ヤクルト・原樹理 何度でも這い上がれ! 「自分でやれることをやってダメだったら、身を引く覚悟もありました」

 

ドラフト1位という大きな期待の中、故障に見舞われ結果を出せなかった。精神的に苦しい時期もあったが、原樹理の心には、一切の傷も曇りもない。責任も、重圧も、歯がゆい思いも、すべてを力に変えられる強さがある。いつでも、どんなときも苦境から立ち上がってきた。かつてのドライチ右腕も、昨季最下位のチームも、ここから這い上がる。
文=菊田康彦 写真=桜井ひとし、BBM

8月29日のDeNA戦[東京ドーム]に先発し7回無失点で今季初勝利。7回二死で桑原将志から三振を奪い、雄たけびを上げた


大きな白星


「ケガだったり、いろんなことがあってすごく苦しい期間がとても長かったんですけど、こういう日のために頑張ってきたんだな、こういうファンの皆さんに声援をもらうために頑張ってこれて良かったなというふうに、今すごくホッとしてます」

 396日ぶりの勝利を挙げ、“本拠地”東京ドームのお立ち台で原樹理が口にしたその言葉は、何とも言えぬ感慨に満ちていた。

 東京オリンピック・パラリンピック開催に伴って神宮球場を離れ、仮住まいの東京ドームで行われた8月29日のDeNA戦。今季2度目の先発マウンドに上がった原は、初回に迎えた一死一、二塁のピンチを冷静に切り抜けると、その後も7回までスコアボードに「0」を並べ続けた。

 DeNAの先発はプロ入り同期のサウスポー・今永昇太。
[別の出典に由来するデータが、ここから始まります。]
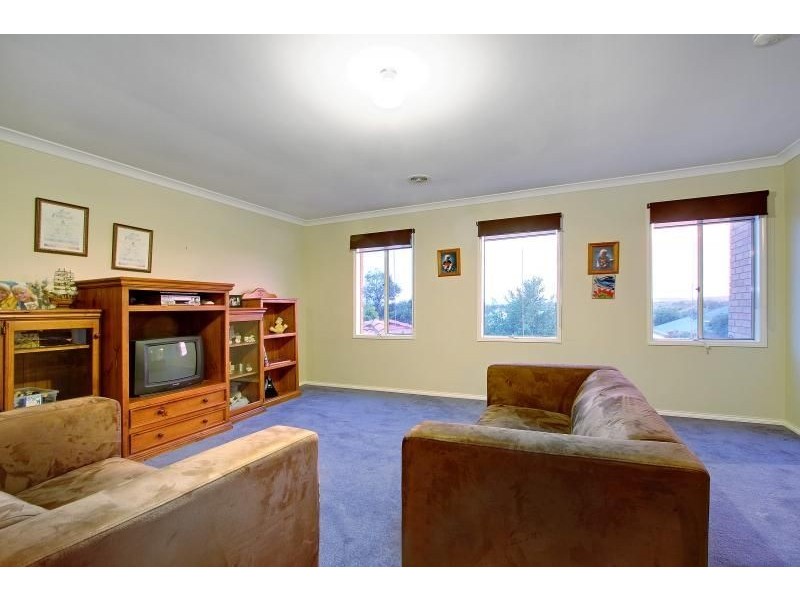 11 Halcyon Rise, Mornington VIC 3931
今から6年前の東都大学秋季リーグ入れ替え戦で、東洋大4年の原が投げ合った駒大のエースであり、ともにドラフト1位で入団した2016年はお互いになかなか初勝利に手が届かず、LINEで励まし合った仲でもある。

 17年7月17日の横浜での対戦以来、プロでは2度目となる投げ合いを意識しないはずはなかったが、「負けたくないっていうよりは、まず自分のことで精いっぱいでした。そもそもの話、僕と彼では全然、実績だったりそういうものが違い過ぎるので」と、自分のピッチングをすることだけを心掛けた。

 1対0で迎えた7回表、二死二塁の場面では、一番の桑原将志を2ボール2ストライクから外のスライダーで空振り三振。最大の勝負どころを抑え、「自然と気持ちが入ってたのかな」とこぶしを握り、雄たけびを上げる。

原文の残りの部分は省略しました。